This imaginary measuring stick was something I believed in even right up until our first son was born. And then they placed him in my arms for the very first time and I knew…everything I had believed so naively was based upon MY doing, MY actions and MY character. All of the conjured up expectations and ideals of what Motherhood would look and feel like were based upon one thing….Me. None of my optimism ever included God or His plans for me or my children, not to mention His Love and Grace for us. Holding our tiny baby, I was blindsided by the immediate realization that I could not be the kind of Mom I so desperately wanted to be without completely relying on God.
Once I settled into Motherhood, four times in all, I became a bit more comfortable with my role. After some time went by and I began meeting other Moms, my mind drifted back to that imaginary Mom, my idol…the version of ME that I actually started measuring myself against. And then suddenly, a new feeling emerged. Fear! What if I messed everything up? What if I couldn’t raise my boys to be the sorts of men who followed Jesus? And what about the day to day? How would we ever make it from one day to the next without me feeling like a complete and utter failure every single day?
I felt so vulnerable and afraid. I still do at times. Some days, I catch myself still comparing my life, my kids, even my faith (or lack thereof) to others. I see that mom in the grocery store whose children are quietly chatting with one another as they follow Mom along, even helping her take things off the shelves, while mine are bickering and complaining that I’m not getting the cereal they really want. I see the Mom at the library whose children are reading books together while she peacefully checks out her stack of books. Meanwhile, my crew is disrupting all of the other patrons with their loud voices, semi-wrestling over a coveted book and our youngest is making a break for the front entrance which ends badly as all three of the bigger brothers tackle him to the ground…and now they’re lying in a heap…all eyes on us.
Do you ever feel that way? Like all eyes are on you? I do. Even in the smallest decisions we make, others are watching. I know this, because we do it too, don’t we.
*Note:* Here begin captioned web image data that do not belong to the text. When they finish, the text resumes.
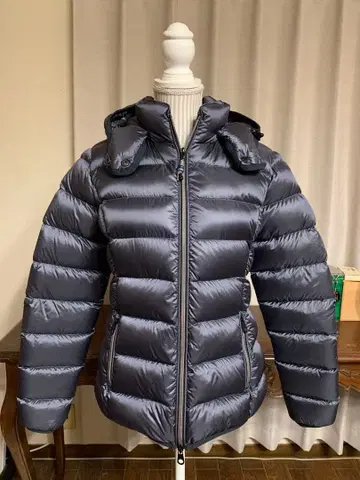 capehone 다운 자켓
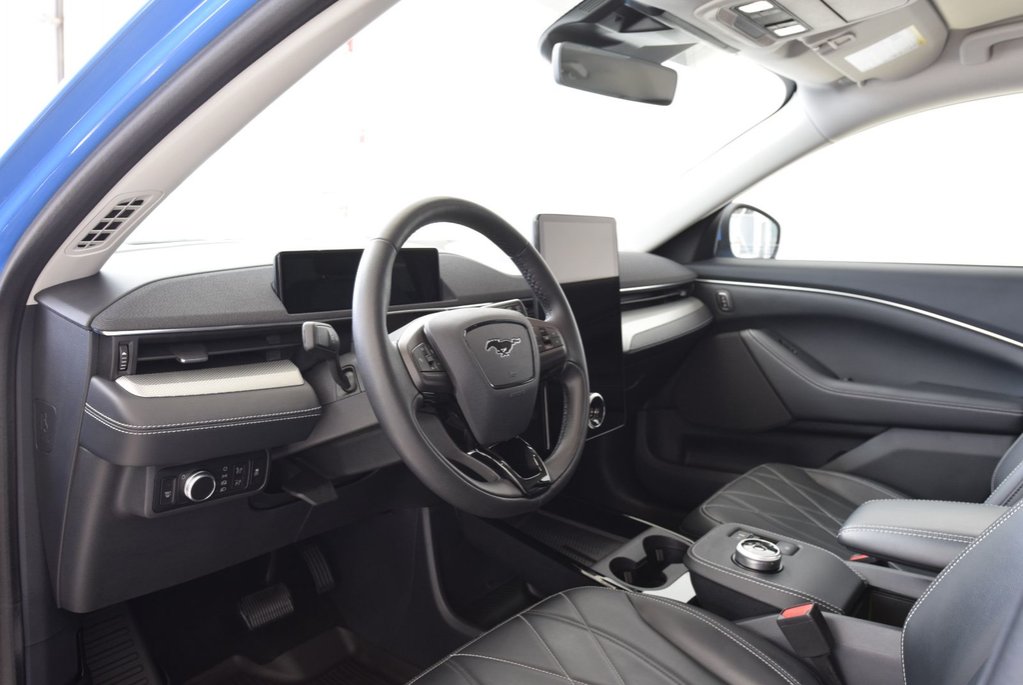 Ford Mustang Mach-E SELECT+AWD+BAS KM+CUIR+ 2022 à Laval, Québec - 14 - w1024h768px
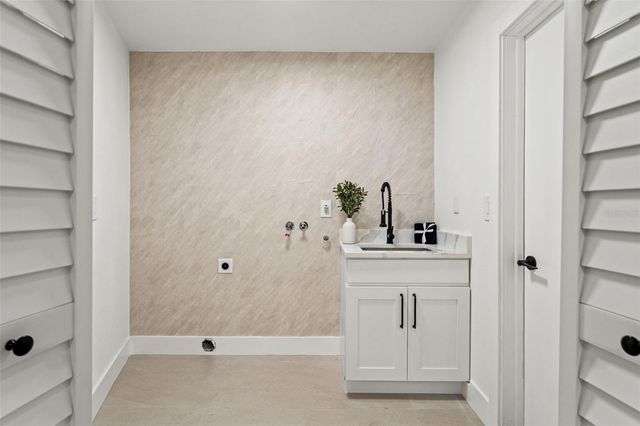 8019 RIVER COUNTRY DRIVE, Weeki Wachee, FL 34607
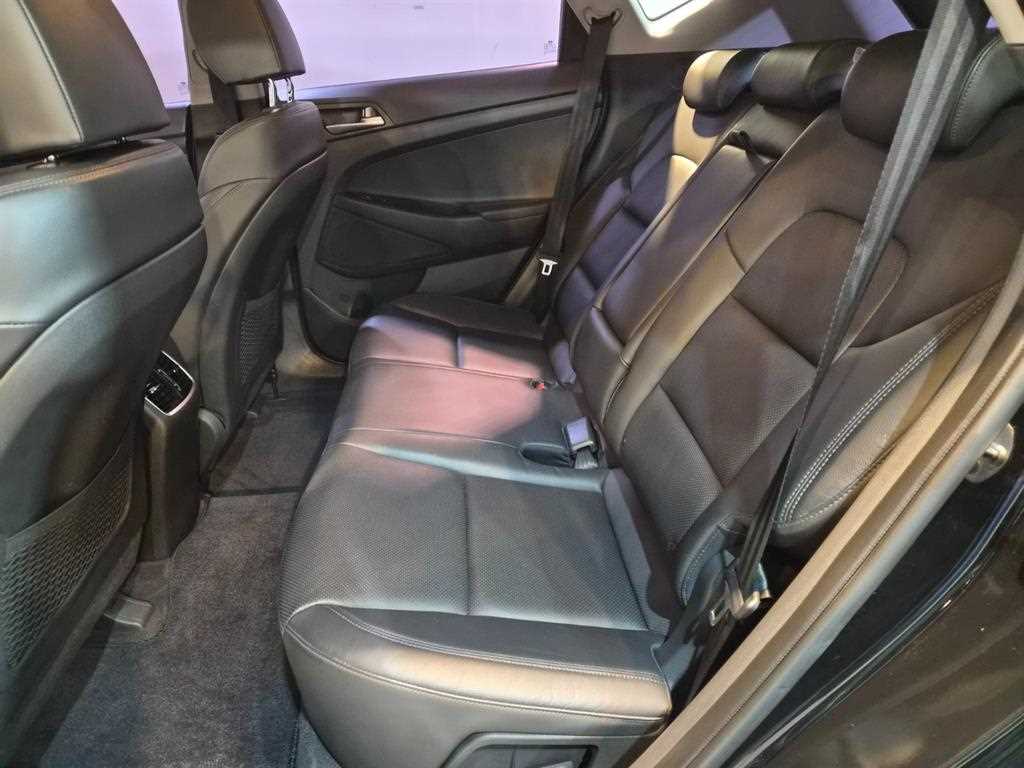 HYUNDAI Tucson - Vista 7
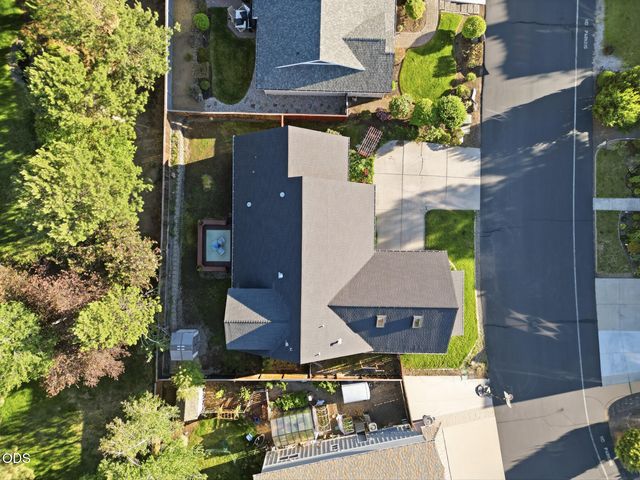 61172 Hilmer Creek Drive, Bend, OR 97702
We watch others to see what moves they’re going to make. We judge and compare. They judge and compare. But this is what God’s Word says…
I pray that out of his glorious riches he may strengthen you with power through his Spirit in your inner being, so that Christ may dwell in your hearts through faith. And I pray that you, being rooted and established in love, may have power, together with all the Lord’s holy people, to grasp how wide and long and high and deep is the love of Christ, and to know this love that surpasses knowledge—that you may be filled to the measure of all the fullness of God.
Now to him who is able to do immeasurably more than all we ask or imagine, according to his power that is at work within us, to him be glory in the church and in Christ Jesus throughout all generations, for ever and ever! Amen. Ephesians 3:16-21 (emphasis added: mine)
Did you catch that? The only kind of measuring stick we need to be concerned with is the Holy Spirit kind. It’s the filling to overflowing til our hearts are parenting out of the overflow kind of measure. Anything less than being filled to the measure with God’s Holy Spirit and we are still relying on ourselves and still more likely to compare ourselves with someone else.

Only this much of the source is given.